È facile che alcuni istanti d’asprezza e di accidia le impediscano di godere dell’estasi delle fruizioni estetiche; che le tentazioni del mondo vengano a turbare la pace del suo spirito, e che la mussola di Siriganor di un vestito da ballo uscito dalle mani di Worth, o l’oriente rosato di un girocollo di perle che abbiano nell’astuccio di raso nero la marca di Braugrand Rivir le sembrino più desiderabili del chiaroscuro esatto di un bozzetto o dell’interpretazione sincera di una mezzatinta fuggevole; io ho avuto giorni di quelli in cui, disperando di raggiungere l’armonia di un periodo o la musica di una strofa e dimentico dei miei poeti, ho peccato gravemente e ho perduto il mio fervore, senza forze per resistere le tentazioni vertiginose dell’oro. Consigliato in queste ore di aridità spirituale dal mio confessore laico, un vecchio psicologo che ha nella sua cella come solo ornamento una copia della Malinconia di Albert Dürer e che possiede a fondo i segreti sottili delle direzioni delle anime, ho raggiunto grandi consolazioni e ho ristabilito la pace interiore leggendo e meditando molto quei versetti soavissimi dell’imitazione:
Excedunt enim spirituales consolationes, omnes mundi delicias, et carnis voluptates. Nam omnes deliciae mundanae aut vanae sunt, aut turpes (De Imitat, Lib. II, cap. X).
Che nel leggere lei queste pagine senta qualcosa dell’incanto che ebbi nello scriverle e nel ricordare la giornata chiara e tiepida in cui camminammo insieme per il sentiero che porta alla casa di campagna dove lei passò ore tanto gradevoli ritirata dal mondo e distratta dalle preoccupazioni meschine del quotidiano, attraverso il sortilegio misterioso dell’Arte.

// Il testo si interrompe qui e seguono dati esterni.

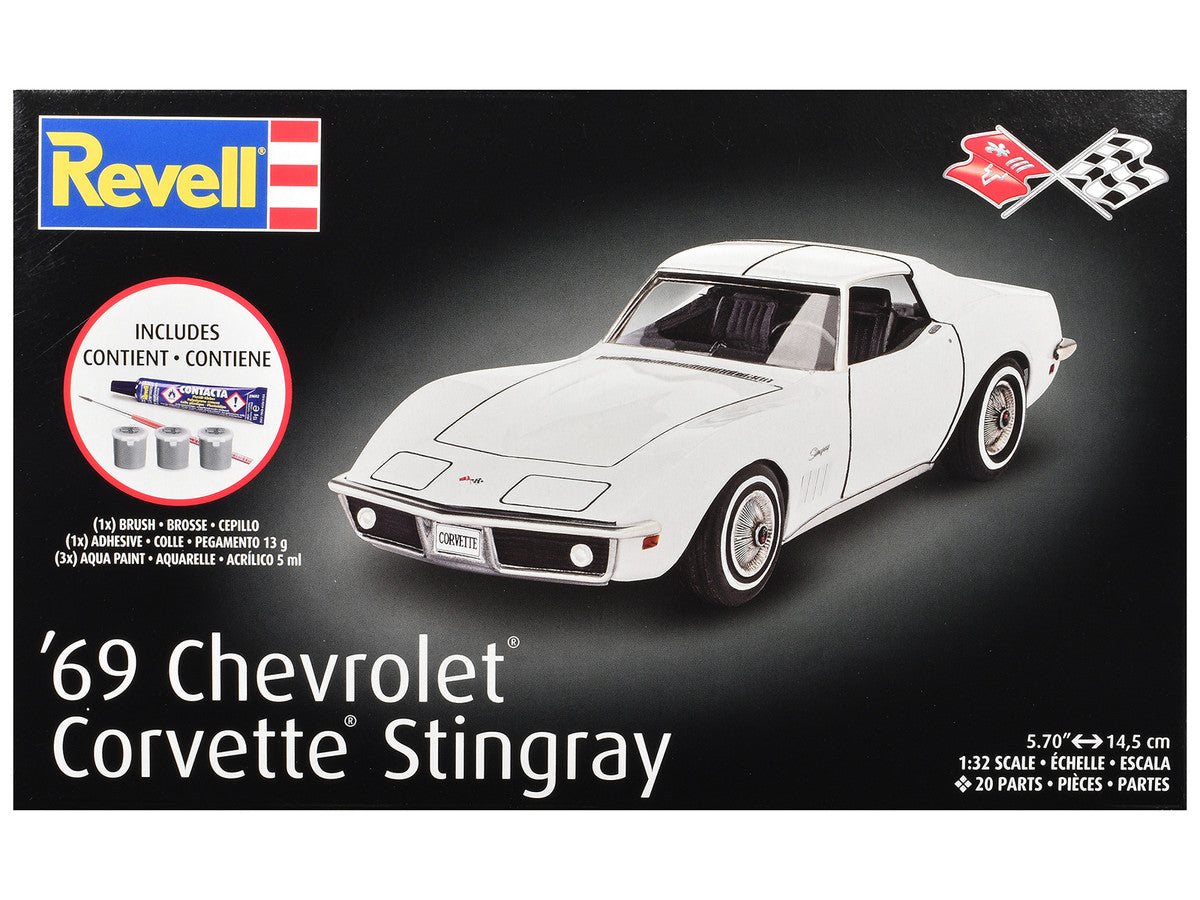 Level 3 Model Kit 1969 Chevrolet Corvette Stingray All-Included Kit 1/32 Scale Model by Revell Revell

**Traduzione 2017: © Fabrizio Pinna – Diritti riservati.
Titolo originale dello scritto di José Asunción Silva (Colombia; 1865-1896): Carta abierta a la Señora Rosa Ponce de Portocarrero (1892); Prime edizioni: «Revista Gris» (Bogotà), 1892; «Revista Azul» (Città del Messico) 1894.
*La “lettera” – che culturalmente ci riporta alle sensibilità dell’estetismo cosmopolita fin de siècle – era seguita da due brevi prose poetiche, “Al carbón” (Carboncino) e “Al pastel” (Pastello), due “esercizi di stile” o “transposiciones” (trasposizioni), come le chiamava José Asunción Silva, cioè, in buona sostanza, varianti personali dell’ekphrasis, una tecnica e prassi letteraria che in Europa ha la sua prima lontana origine (storica) nell’antichità greca.
**Il riferimento dell’ultima citazione in latino di José Asunción Silva è a Tommaso da Kempis (1380 ca. – 1471), De Imitatione Christi (ca. 1418–1427), traducibile così: “Poiché le consolazioni spirituali eccedono tutti i diletti del mondo e le voluttà della carne. Infatti tutte le delizie mondane o sono vane o sono turpi”.